Gradient-Based Variational Inference by Policy Search
Introduction
In variational inference, we want to approximate an intractable target distribution (often given as a posterior distribution) with a tractable model distribution. Applications of variational inference include learning of posterior distributions in deep neural networks as well posterior distribution over hyper-parameters of other machine learning representations. A common choice for tractable models that are still very flexible are Gaussian mixture models (GMMs). These models are particular suited for problems with up to a few hundreds of dimensions, for example, when we want to learn a distribution over joint configurations of a robot. In this project, we extended an algorithm for learning such GMM representations that has been recently developed by our group. The original algorithm is only applicable in the blackbox setup, i.e., where no gradient of the target distribution is available. We extended our algorithm to also utilize this gradient information which again considerably increased its speed and scalability.
Methods
We incorporate gradient information by making use of Stein’s Lemma, which has been recently introduced for Gaussian variational inference.

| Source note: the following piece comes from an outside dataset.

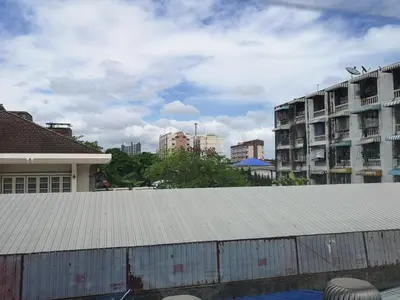 a building with a metal roof in a city at Napa Hostel Samrong Station in Samutprakarn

We further compare our improved method
with an alternative method for GMM-based variational inference, and show that these methods mainly differ in algorithmic choices that are independent of the theoretical derivations of the methods. We evaluate the impact of these design choices on the performance of the algorithm by running experiments on several test problems.
Results
In preliminary experiments, we show that our extended methods performs better than existing methods for GMM-based variational inference. In particular we show that using the gradient information improves the efficiently of our algorithm by around one order of magnitude. We also demonstrate that choosing the learning rate based on KL-constrained trust regions significantly improves the stability of the updates and the quality of the learned approximation. Furthermore, we show that dynamically adapting the number of components improves exploration and thereby helps to detect different modes of the target distribution.
Discussion
We investigated recent methods for GMM-based variational inference and showed that they are indeed closely related. Still, these methods differ in several algorithmic choices that substantially affect the performance in terms of sample efficiency and the quality of the learned approximation. We evaluated several of these choices. Based on our experiments, KL-constrained trust regions—even when applied on top of higher-order natural gradients—seem to outperform directly controlled learning rates, and dynamically adapting the number of components has clear advantages compared to optimizing GMMs with fixed number of components. Based on these insights, we proposed a novel method that combines fast first-order based estimates of the natural gradients with adaptive KL-constrained trust regions and adaptive number of components, setting a new standard for GMM based variational inference. However, we need to run additional experiments to better isolate the effects of the individual design choices.